Berdasarkan keyakinan tersebut dan didorong semangat emansipasi, orang-orang lantas membuat penyamarataan bahwa karya yang bagus tidak mengenal jender. Ia bisa dihasilkan baik oleh laki-laki maupun perempuan. Orang-orang itu mengabaikan apa yang terjadi selama proses kreatif seorang penulis.
Mereka menganggap daya cipta adalah, meminjam istilah Simone de Beauvoir, sejenis pelepasan yang alamiah. Padahal, seorang penulis yang menghasilkan sebuah karya tidak sama dengan seekor sapi yang menghasilkan susu. Padahal juga, bahkan sapi pun mesti diberi kesempatan untuk mempersiapkan kondisinya sebelum pemerahan agar mampu memberikan hasil yang sesuai harapan.

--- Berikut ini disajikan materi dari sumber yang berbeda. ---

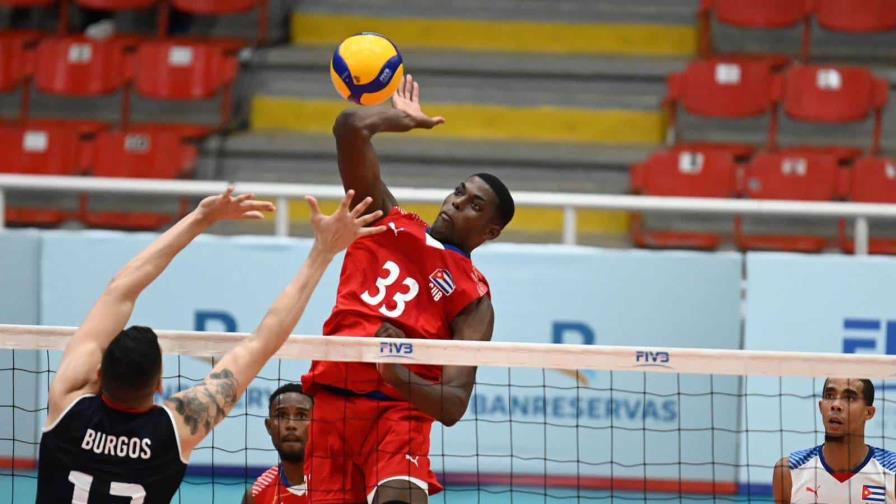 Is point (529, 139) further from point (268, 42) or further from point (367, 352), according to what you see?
point (367, 352)

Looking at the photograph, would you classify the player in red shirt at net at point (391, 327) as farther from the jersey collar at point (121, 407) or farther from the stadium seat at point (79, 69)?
the stadium seat at point (79, 69)

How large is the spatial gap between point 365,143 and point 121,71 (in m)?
8.73

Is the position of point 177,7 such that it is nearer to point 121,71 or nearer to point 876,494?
point 121,71

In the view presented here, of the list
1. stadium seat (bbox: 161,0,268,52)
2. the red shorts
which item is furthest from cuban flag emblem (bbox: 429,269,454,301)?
stadium seat (bbox: 161,0,268,52)

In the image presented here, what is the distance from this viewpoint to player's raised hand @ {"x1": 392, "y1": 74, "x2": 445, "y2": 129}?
18.5 ft

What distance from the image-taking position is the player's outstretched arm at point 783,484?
6367mm

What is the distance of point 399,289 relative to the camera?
18.2 ft

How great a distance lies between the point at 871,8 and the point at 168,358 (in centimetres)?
821

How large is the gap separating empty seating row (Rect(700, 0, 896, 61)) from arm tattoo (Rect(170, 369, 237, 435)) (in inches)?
393

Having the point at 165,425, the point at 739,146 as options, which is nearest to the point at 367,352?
the point at 165,425

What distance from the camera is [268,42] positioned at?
46.8 ft

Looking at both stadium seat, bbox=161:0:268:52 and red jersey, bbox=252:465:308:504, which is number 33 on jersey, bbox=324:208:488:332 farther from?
stadium seat, bbox=161:0:268:52

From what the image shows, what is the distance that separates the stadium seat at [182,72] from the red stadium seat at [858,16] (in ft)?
19.0

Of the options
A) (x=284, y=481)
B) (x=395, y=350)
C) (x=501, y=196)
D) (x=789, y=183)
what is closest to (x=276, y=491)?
(x=284, y=481) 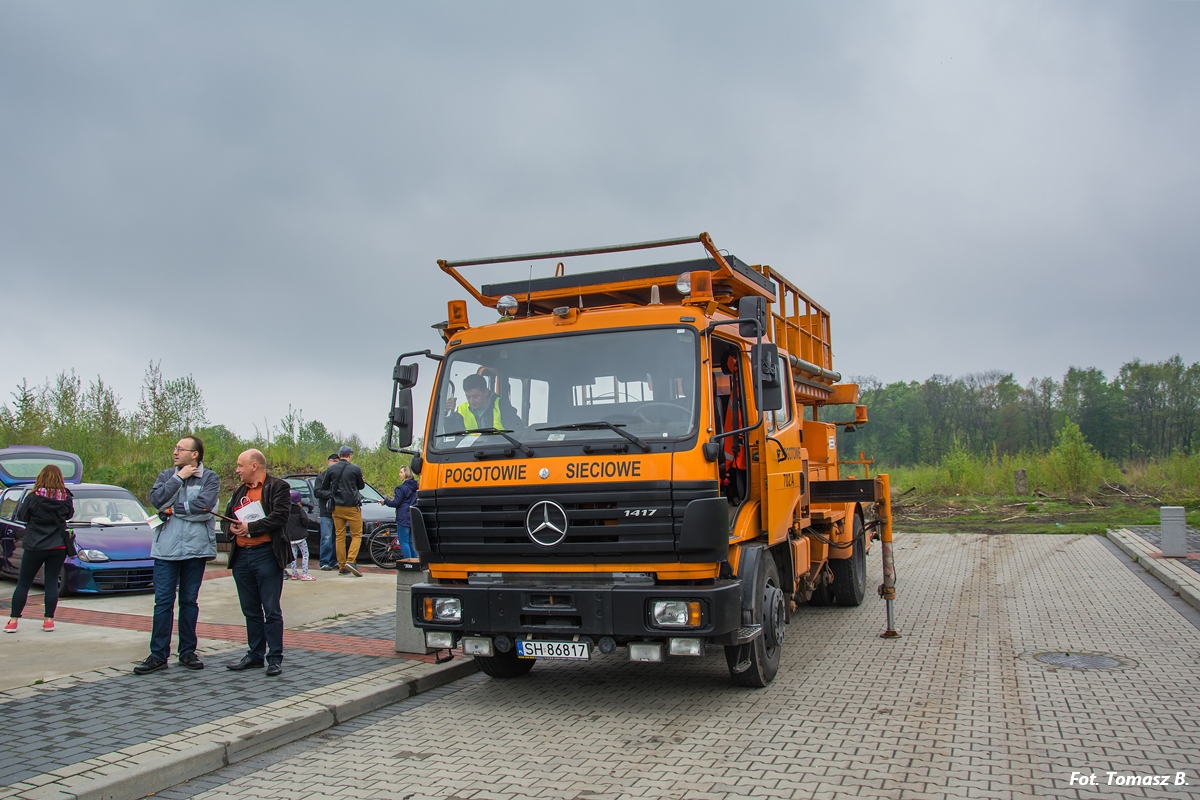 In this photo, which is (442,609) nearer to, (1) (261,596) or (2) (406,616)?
(2) (406,616)

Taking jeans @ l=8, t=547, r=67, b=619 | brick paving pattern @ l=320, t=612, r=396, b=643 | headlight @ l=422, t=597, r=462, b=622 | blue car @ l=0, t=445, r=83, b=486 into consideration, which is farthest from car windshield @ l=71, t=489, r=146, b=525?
headlight @ l=422, t=597, r=462, b=622

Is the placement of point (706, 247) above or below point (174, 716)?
above

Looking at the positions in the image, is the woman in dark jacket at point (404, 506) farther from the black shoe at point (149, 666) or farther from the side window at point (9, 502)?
the black shoe at point (149, 666)

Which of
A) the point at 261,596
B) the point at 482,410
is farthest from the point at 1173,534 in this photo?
the point at 261,596

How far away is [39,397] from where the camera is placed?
24.8 m

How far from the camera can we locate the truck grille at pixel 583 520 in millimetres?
5629

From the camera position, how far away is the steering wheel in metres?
5.88

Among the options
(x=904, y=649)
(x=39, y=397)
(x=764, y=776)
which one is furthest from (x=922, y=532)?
(x=39, y=397)

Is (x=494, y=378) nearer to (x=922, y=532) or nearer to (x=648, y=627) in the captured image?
(x=648, y=627)

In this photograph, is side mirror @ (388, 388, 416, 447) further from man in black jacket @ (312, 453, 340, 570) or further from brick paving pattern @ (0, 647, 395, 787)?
man in black jacket @ (312, 453, 340, 570)

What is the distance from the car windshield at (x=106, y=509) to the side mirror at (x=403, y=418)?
742 cm

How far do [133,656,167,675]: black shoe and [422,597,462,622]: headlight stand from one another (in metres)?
2.43

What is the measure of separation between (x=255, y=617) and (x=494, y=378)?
2894mm

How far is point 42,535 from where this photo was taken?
28.5ft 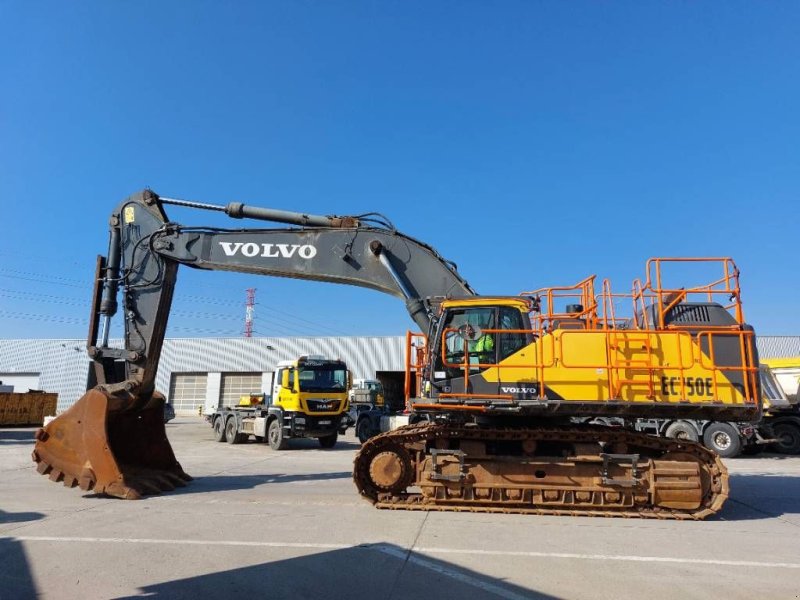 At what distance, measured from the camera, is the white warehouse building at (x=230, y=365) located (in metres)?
45.4

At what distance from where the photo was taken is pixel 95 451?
913cm

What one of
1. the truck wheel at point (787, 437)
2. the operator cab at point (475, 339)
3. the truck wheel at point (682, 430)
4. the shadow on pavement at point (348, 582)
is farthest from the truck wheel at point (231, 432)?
the truck wheel at point (787, 437)

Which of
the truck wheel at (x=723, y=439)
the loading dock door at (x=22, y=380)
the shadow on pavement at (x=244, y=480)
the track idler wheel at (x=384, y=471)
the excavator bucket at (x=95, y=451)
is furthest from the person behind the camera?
the loading dock door at (x=22, y=380)

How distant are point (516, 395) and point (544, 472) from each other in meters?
1.44

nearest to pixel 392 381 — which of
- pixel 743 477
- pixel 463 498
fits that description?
pixel 743 477

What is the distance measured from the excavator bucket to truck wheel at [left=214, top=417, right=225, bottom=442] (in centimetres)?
1260

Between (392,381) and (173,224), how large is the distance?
3920 cm

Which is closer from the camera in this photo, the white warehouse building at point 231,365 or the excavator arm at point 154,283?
the excavator arm at point 154,283

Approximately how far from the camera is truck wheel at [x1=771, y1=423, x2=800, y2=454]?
61.5 ft

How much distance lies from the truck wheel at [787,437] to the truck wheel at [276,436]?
1733 cm

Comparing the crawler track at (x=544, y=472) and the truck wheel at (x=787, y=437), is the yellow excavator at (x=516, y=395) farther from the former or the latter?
the truck wheel at (x=787, y=437)

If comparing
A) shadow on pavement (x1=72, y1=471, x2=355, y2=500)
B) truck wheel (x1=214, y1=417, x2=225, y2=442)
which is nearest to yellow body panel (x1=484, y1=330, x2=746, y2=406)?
A: shadow on pavement (x1=72, y1=471, x2=355, y2=500)

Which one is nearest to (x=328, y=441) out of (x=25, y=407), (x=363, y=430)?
(x=363, y=430)

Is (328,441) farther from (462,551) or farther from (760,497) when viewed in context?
(462,551) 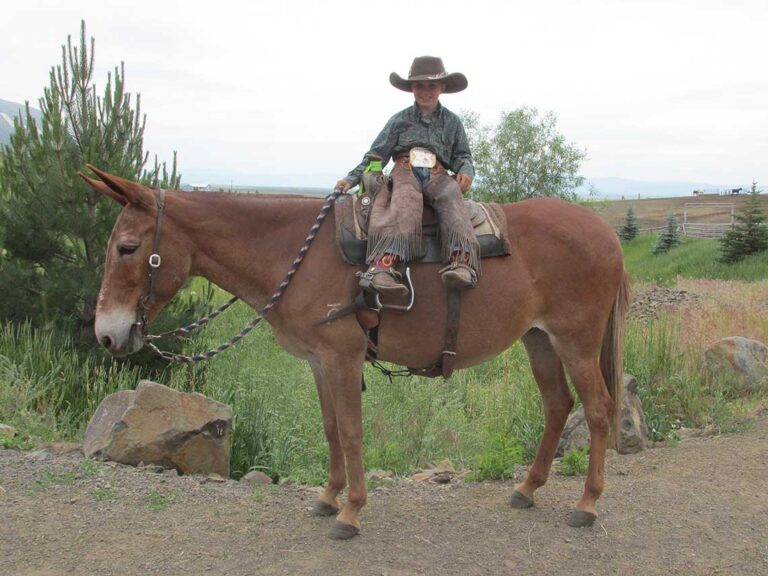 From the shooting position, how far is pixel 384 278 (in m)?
3.83

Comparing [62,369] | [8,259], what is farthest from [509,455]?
[8,259]

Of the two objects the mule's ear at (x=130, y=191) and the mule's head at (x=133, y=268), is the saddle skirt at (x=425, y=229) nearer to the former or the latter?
the mule's head at (x=133, y=268)

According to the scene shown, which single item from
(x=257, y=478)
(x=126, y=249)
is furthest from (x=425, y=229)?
(x=257, y=478)

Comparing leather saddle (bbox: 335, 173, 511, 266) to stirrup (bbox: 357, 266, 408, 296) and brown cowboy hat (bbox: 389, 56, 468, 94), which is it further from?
brown cowboy hat (bbox: 389, 56, 468, 94)

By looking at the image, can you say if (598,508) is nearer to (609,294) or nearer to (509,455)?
(509,455)

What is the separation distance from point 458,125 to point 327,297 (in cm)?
159

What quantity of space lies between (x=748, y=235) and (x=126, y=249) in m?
25.1

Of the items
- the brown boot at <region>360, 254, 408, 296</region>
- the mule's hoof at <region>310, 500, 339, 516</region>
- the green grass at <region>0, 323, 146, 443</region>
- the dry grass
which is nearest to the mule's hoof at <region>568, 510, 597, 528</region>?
the mule's hoof at <region>310, 500, 339, 516</region>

Daya cipta adalah sebuah proses yang tidak sederhana. Ia begitu kompleks sebab tidak hanya melibatkan si pemilik diri, tetapi juga orang-orang di sekitarnya dan lingkungannya. Itulah mengapa, memiliki sebuah pena, mesin tik, atau komputer, dengan sepaket imajinasi dan keberaksaraan, tidak serta-merta bisa membuat seseorang menjadi penulis. Dia membutuhkan lebih daripada itu.
Sebelum menulis, seorang penulis mesti bersiap terlebih dahulu. Dia harus memiliki seluruh dirinya dan waktu yang banyak sebelum duduk di belakang meja. Adapun untuk menghasilkan sebuah karya, apalagi yang bagus dan berkualitas, dia sangat membutuhkan dukungan. Namun, apa yang terjadi jika penulis yang memegang pena itu seorang perempuan?
Masyarakat modern memang telah mengizinkan perempuan memegang pena. Para ayah, suami, kekasih, laki-laki telah membolehkan perempuan menjadi penulis. Sekilas, keadaan seolah sudah berubah. Masalah kesetaraan jender seakan berhasil diatasi dan kini semua baik-baik saja. Kondisi ini memang tetap akan baik-baik saja selama perempuan yang menulis itu tetap mematuhi syarat dan ketentuan yang diberlakukan dunia patriarki untuknya.
Masalah kesetaraan jender seakan berhasil diatasi dan kini semua baik-baik saja.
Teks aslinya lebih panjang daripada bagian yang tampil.